Michael:
Let's start with your first two ideas:
1) Query optimization
2) Improved presentation of query result sets
It seems to me that these two are the simplest to think about
first, since they need only to interface with search and not any
other part of OpenACS.
The query optimiztion requires taking the search request and
passing it through OpenCyc to try to figure out the context of the
request. Java is a good example: does the requestor want to
know about the programming language, coffee, or the island in
Indonesia.
One way to assist this contextualization is through the
localization of the originating context. This can help with point 2.
On the OpenACS site, for example, it is most likely that people
are interested in the programming language. On Photo.Net,
newbies are probably interested in the Island, but people who
are familiar with Philip and Alex's Guide and its ties to photo.net
might be interested in the programming language. In neither
case is coffee a likely context.
Step 1 requires no knowledge of the contents of the
collection. Localization, as described above, does. In order to be
able to localize, it's necessary to do Step 3, which is have
OpenCyc process the entire contents of a collection so that it
"understands" what is in the collection.
In 1998 and 1999 I was looking for money to build a search
engine with some very unusual characteristics -- the main ones
were collaboration, the inclusion of business rules engines to
drive processes like spider scheduling, and incorporation of
WordNet to establish context. One example I used was Java.
After entering the search request, the user would be presented
with something like:
Found 3 different meanings for Java:
- a computer programming language (2,000,00 pages, 5967
sites, 19 categories)
- a synononym for coffee (116,000 pages, 423 sites, 3
categories)
- an island in Indonesia (23,000 pages, 111 sites, 9
categories)
The pages, sites, and categories references were links to
presentations of results. The order of the presentation, above,
was dependent on the number of pages returned.

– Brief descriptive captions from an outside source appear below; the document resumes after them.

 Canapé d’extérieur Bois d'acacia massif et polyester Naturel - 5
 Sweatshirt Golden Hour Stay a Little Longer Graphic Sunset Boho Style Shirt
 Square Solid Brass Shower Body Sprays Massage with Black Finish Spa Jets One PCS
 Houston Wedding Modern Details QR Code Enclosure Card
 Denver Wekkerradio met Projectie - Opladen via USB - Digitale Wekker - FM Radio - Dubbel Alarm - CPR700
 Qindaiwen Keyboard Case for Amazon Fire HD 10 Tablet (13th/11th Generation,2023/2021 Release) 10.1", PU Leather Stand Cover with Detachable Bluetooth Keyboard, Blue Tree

By having a
knowledge of the context of the query, for example, the user is
searching for Java from a travel site, then results about the
island are almost certainly the ones that were wanted and these
would be presented first (or, perhaps, exclusively).
A simple category structure would enable localization, too. If
the user searched from within the "travel" category, then the
scope of the search would automatically localized to travel.

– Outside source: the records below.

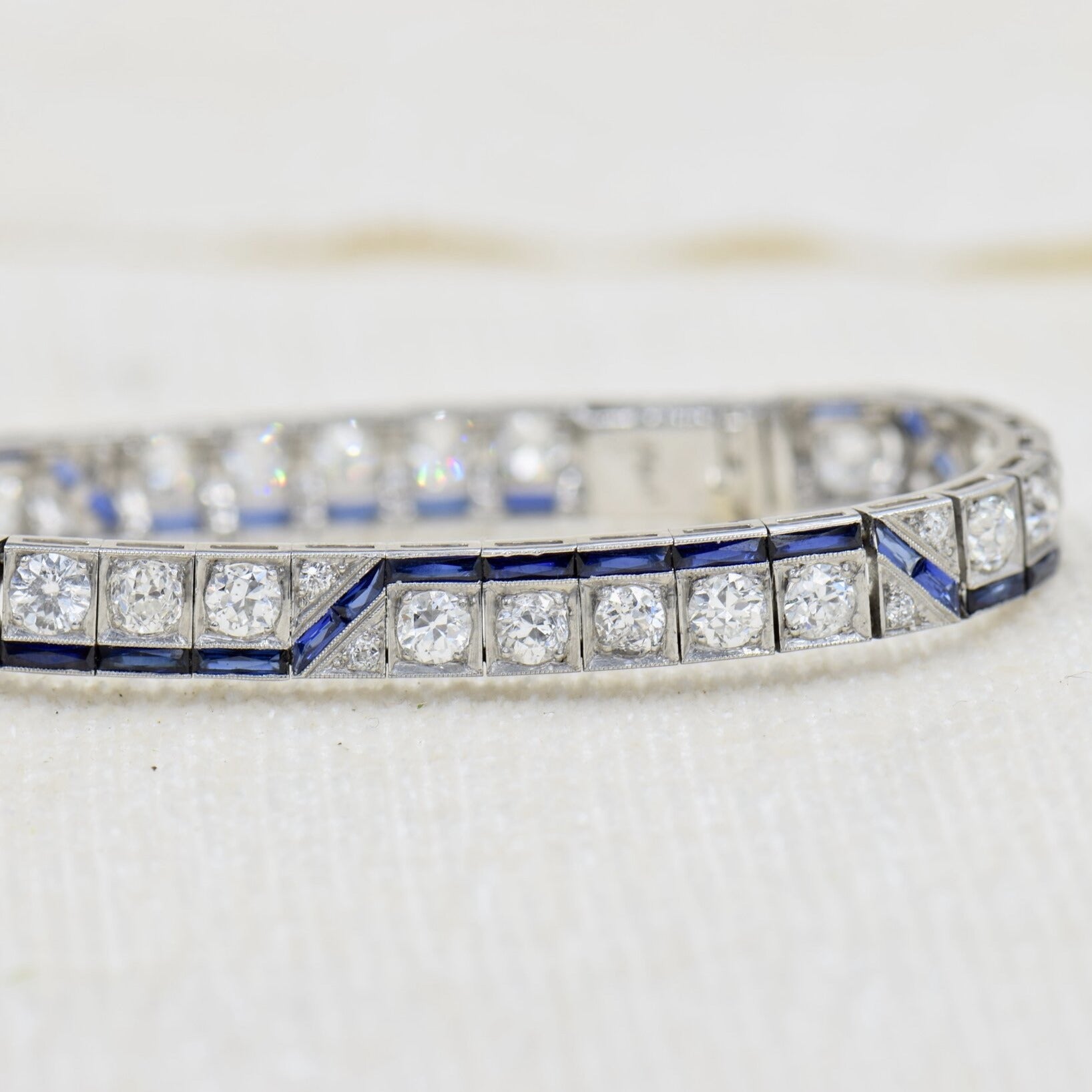 Art Deco Diamond and Sapphire Line Bracelet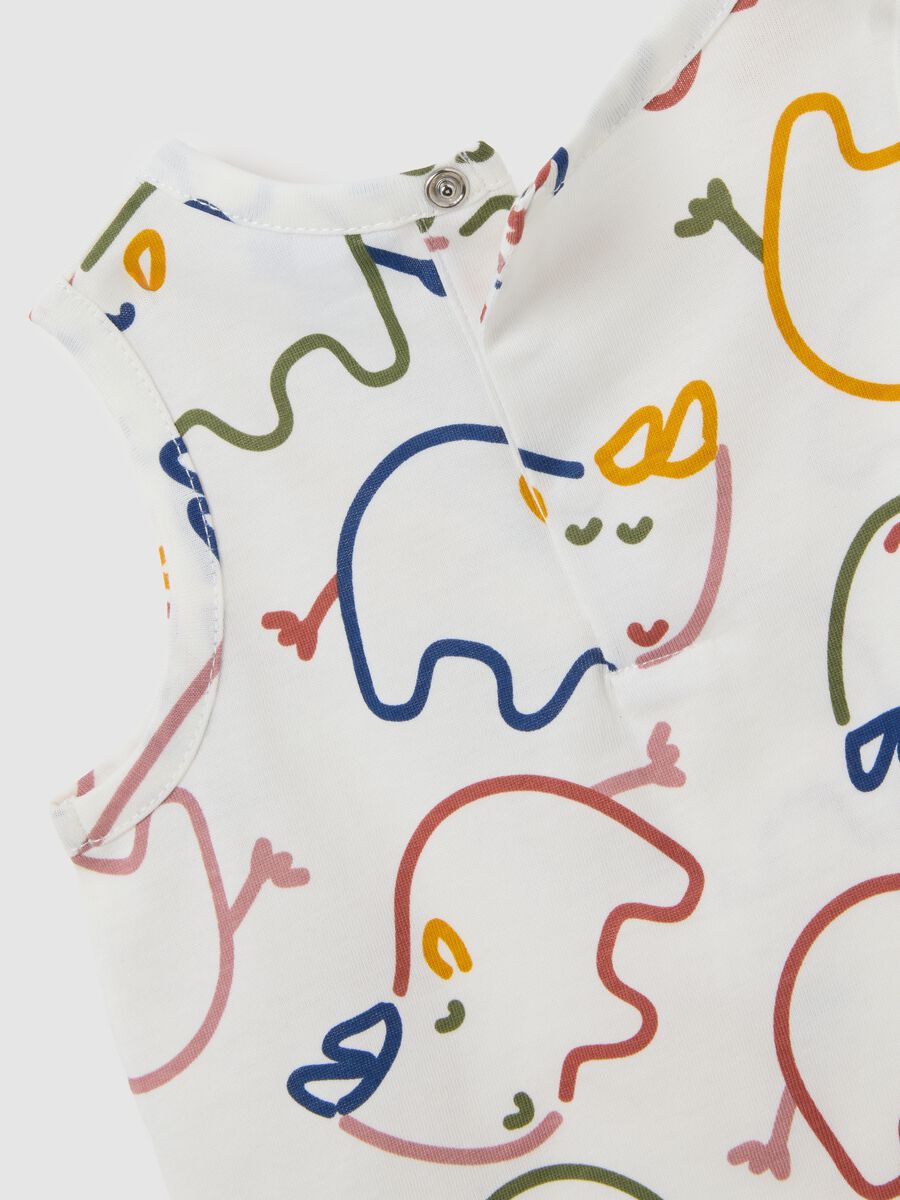 Children's sleeveless multicolour cotton T-shirt, regular fit with print_3
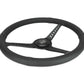 NRG Reinforced Stealth Wheel (380mm) 3 Spoke Center 1in Deep Dish - Perforated Leather Black Stitch
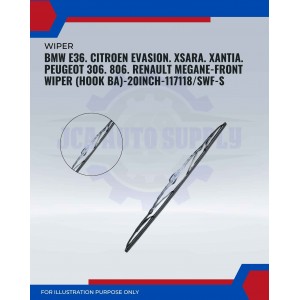 Front Wiper (Hook BA)-Citroen Evasion. XSara. XAntia. Peugeot 306. 806. Renault Megane-20 Inch-117118SWF-S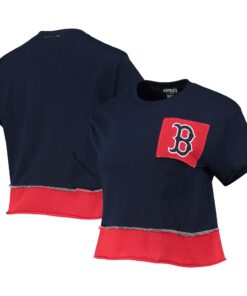 Women's Boston Red Sox Refried Apparel Navy Cropped T-Shirt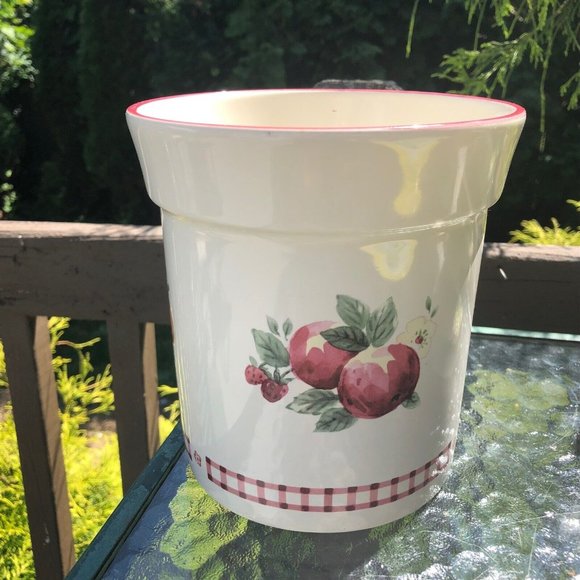 Pfaltzgraff Gadget Utensil Crock Delicious Pattern Apples Gingham Discontinued - Picture 3 of 7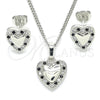 Juego de Arete y Dije de Adulto 10.233.0034.4 Rodio Laminado, Diseño de Corazón, con Zirconia Cubica Negro, Pulido, Rodinado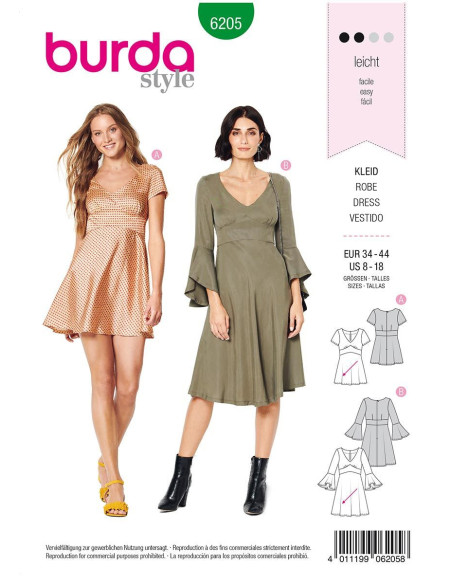Modello di abito - Burda 6205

Category organizers, in my way of thinking, should spend as
much time thinking about metadata as they do about the
category structure. For example, I have a personal interest in
chocolate. If I was responsible for the chocolate category at a
site that incorporated both categories and a page-based search
engine, I would want to create a thesaurus of concepts that
describe chocolate to aid a classification engine. With OpenCyc,
I would use the OpenCyc tools to do this work using assertions
like:
is a type of: white, ivory, milk, dark, bittersweet, truffle,
bonbon, ganache
is a manufacturer of: Callebaut, Valrhona, Nestle, Hershey
has(?) holidays: Easter, Valentine's Day
is not related: labrador retriever
I think that this is enough to give you a glimpse of some of
the ways I have been thinking about using this.
likewise, how do you picture the "chunking" of results into
"contexts"? How is that like or unlike search results pages that
are out there now? For example, I'm not really clear yet on how,
from a user's perspective "a collection of phrases and keywords
grouped into the smallest possible number of headings" differs
from Yahoo! or from Northern Light.
One of the challenges with taxonomies like Yahoo!'s is that
there is a tendency to want to describe things using a single
word. When that happens, related words tend to get separated
and entries naturally get segregated. Example, Associations,
Organization, & Clubs. To my way of thinking the distinctions
between these concepts are not useful when organizing the
contents of the Internet -- at least to most users. However, to
professional categorizers, they are different, and, while
linguistically correct and precise, are a nightmare from a
usability standpoint.
My main problem with Northern Light is that, after using it for
a while, you'll notice that the range of concepts it uses for its
categories is quite limited, is often self-referential (e.g., there is a
chocolate "custom search folder" within the chocolate results
set), and the confidence ratings are often nonsensical (e.g., the
first result within the chocolate custom search folder for
chocolate has a confidence rating of only 85%).
From my POV the purposes of chunking are to quickly
eliminate the contexts you know don't apply, and to present
contexts you may not have been aware of (serendipity). NL
doesn't do this for me, nor does Teoma or WiseNut.